What is being asked
From the opening line of the records through the line bearing "Puebla está nominado", set down every line exactly.

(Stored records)

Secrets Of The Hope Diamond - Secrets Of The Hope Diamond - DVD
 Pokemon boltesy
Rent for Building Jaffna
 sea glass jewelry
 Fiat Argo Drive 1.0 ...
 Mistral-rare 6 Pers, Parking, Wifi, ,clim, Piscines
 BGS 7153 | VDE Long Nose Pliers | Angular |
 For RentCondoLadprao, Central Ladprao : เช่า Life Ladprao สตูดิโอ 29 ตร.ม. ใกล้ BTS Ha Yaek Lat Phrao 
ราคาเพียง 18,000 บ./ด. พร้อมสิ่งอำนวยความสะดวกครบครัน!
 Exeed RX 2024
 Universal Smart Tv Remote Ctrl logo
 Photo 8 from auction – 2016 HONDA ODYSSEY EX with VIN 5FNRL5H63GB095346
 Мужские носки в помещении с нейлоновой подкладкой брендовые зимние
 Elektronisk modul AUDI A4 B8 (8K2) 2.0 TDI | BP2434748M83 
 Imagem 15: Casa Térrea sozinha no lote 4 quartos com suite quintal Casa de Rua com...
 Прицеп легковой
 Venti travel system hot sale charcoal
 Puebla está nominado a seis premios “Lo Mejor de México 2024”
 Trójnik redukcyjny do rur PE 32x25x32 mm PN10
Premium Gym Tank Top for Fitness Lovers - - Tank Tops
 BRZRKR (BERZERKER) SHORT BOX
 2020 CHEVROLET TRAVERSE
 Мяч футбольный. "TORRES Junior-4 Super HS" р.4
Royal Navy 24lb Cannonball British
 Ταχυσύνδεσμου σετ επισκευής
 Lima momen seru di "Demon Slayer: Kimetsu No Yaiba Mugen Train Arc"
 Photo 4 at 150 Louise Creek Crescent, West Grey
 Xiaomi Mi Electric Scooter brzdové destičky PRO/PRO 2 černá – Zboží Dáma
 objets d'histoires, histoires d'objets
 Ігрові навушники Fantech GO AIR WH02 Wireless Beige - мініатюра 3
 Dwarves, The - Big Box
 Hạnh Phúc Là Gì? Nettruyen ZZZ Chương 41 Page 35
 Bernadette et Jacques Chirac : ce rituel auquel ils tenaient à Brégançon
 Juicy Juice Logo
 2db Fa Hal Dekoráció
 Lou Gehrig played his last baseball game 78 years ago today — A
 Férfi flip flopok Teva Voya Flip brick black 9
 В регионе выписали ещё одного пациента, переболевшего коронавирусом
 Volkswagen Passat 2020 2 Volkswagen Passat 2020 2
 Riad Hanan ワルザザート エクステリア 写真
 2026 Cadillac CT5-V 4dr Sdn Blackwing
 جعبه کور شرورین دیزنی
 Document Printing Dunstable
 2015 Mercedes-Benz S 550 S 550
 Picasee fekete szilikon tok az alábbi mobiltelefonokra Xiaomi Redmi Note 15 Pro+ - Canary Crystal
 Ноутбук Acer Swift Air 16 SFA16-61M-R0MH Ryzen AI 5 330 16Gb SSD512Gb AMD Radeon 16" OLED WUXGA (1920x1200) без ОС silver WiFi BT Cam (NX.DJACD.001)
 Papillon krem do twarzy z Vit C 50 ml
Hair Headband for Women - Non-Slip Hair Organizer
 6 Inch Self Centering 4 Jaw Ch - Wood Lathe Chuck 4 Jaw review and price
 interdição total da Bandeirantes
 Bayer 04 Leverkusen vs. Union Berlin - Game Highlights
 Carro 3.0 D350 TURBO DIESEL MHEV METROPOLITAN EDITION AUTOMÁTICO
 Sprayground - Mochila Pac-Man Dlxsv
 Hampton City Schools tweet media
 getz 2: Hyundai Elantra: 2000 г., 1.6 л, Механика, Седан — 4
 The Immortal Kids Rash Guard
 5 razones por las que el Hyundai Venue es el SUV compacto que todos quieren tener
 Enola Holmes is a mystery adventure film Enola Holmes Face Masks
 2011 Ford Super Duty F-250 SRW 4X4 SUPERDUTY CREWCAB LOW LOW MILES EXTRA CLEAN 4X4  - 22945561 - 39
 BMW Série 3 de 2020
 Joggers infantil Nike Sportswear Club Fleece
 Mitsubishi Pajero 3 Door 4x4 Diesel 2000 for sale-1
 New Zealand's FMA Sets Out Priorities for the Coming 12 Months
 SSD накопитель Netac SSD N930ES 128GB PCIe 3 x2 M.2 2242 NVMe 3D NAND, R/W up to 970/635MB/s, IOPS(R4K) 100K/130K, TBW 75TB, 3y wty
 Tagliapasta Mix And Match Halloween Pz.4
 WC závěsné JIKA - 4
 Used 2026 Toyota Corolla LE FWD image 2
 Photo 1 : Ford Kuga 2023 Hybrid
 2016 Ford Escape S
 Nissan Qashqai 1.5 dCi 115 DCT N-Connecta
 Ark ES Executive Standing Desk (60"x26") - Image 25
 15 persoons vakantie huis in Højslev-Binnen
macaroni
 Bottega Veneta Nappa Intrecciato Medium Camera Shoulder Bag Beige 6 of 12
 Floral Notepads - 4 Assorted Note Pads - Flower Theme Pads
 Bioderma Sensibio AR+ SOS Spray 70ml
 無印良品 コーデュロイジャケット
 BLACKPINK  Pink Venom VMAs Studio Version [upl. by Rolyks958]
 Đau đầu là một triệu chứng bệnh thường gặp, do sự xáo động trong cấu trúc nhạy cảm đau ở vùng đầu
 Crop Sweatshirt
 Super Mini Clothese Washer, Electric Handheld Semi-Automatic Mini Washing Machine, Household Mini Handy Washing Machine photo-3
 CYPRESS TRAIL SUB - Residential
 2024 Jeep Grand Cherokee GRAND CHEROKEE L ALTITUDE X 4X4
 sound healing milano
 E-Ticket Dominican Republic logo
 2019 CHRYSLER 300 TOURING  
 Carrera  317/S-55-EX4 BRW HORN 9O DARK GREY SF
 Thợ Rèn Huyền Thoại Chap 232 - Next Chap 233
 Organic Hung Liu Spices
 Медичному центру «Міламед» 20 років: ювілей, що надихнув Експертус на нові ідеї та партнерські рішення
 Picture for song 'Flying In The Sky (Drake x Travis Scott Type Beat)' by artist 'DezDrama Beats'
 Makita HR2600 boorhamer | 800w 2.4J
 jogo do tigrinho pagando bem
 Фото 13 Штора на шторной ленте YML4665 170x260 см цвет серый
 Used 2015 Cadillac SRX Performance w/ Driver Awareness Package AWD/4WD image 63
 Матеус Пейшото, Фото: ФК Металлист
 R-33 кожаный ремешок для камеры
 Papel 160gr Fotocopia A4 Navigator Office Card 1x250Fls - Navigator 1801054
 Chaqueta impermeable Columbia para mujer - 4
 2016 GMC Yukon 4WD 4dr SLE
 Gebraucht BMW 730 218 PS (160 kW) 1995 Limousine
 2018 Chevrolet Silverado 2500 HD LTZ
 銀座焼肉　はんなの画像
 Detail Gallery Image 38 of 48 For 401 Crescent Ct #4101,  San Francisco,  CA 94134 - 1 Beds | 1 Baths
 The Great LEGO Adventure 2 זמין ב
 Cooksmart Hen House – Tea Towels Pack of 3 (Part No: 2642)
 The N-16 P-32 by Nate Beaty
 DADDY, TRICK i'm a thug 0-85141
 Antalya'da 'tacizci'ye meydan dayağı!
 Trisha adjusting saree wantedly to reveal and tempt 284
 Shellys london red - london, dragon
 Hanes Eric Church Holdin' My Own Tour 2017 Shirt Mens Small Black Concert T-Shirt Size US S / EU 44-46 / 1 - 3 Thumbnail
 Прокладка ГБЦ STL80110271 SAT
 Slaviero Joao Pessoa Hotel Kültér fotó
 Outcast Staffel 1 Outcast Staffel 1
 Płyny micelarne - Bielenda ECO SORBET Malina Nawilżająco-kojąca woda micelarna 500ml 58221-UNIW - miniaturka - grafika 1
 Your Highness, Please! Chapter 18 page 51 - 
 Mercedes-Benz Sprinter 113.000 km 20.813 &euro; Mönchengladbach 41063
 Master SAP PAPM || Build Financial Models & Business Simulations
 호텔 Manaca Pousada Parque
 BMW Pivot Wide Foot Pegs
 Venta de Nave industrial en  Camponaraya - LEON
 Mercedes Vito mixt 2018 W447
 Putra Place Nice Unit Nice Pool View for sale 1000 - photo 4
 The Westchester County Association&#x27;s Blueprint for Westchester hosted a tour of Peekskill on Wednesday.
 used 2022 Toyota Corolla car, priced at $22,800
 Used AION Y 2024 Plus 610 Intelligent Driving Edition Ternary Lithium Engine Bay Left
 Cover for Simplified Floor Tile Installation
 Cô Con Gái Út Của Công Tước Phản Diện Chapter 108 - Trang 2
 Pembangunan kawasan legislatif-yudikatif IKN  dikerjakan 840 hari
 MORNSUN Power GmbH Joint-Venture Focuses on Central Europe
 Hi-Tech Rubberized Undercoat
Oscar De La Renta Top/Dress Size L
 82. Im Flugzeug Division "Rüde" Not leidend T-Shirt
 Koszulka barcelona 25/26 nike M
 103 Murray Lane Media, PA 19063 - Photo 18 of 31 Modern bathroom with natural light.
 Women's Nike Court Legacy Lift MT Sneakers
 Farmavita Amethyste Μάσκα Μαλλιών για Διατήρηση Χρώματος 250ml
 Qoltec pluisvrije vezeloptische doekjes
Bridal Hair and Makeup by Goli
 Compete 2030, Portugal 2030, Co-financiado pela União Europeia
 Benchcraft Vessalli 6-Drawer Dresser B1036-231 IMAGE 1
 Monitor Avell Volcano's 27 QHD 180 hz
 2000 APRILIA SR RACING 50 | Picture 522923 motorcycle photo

Written solution
Secrets Of The Hope Diamond - Secrets Of The Hope Diamond - DVD
 Pokemon boltesy
Rent for Building Jaffna
 sea glass jewelry
 Fiat Argo Drive 1.0 ...
 Mistral-rare 6 Pers, Parking, Wifi, ,clim, Piscines
 BGS 7153 | VDE Long Nose Pliers | Angular |
 For RentCondoLadprao, Central Ladprao : เช่า Life Ladprao สตูดิโอ 29 ตร.ม. ใกล้ BTS Ha Yaek Lat Phrao 
ราคาเพียง 18,000 บ./ด. พร้อมสิ่งอำนวยความสะดวกครบครัน!
 Exeed RX 2024
 Universal Smart Tv Remote Ctrl logo
 Photo 8 from auction – 2016 HONDA ODYSSEY EX with VIN 5FNRL5H63GB095346
 Мужские носки в помещении с нейлоновой подкладкой брендовые зимние
 Elektronisk modul AUDI A4 B8 (8K2) 2.0 TDI | BP2434748M83 
 Imagem 15: Casa Térrea sozinha no lote 4 quartos com suite quintal Casa de Rua com...
 Прицеп легковой
 Venti travel system hot sale charcoal
 Puebla está nominado a seis premios “Lo Mejor de México 2024”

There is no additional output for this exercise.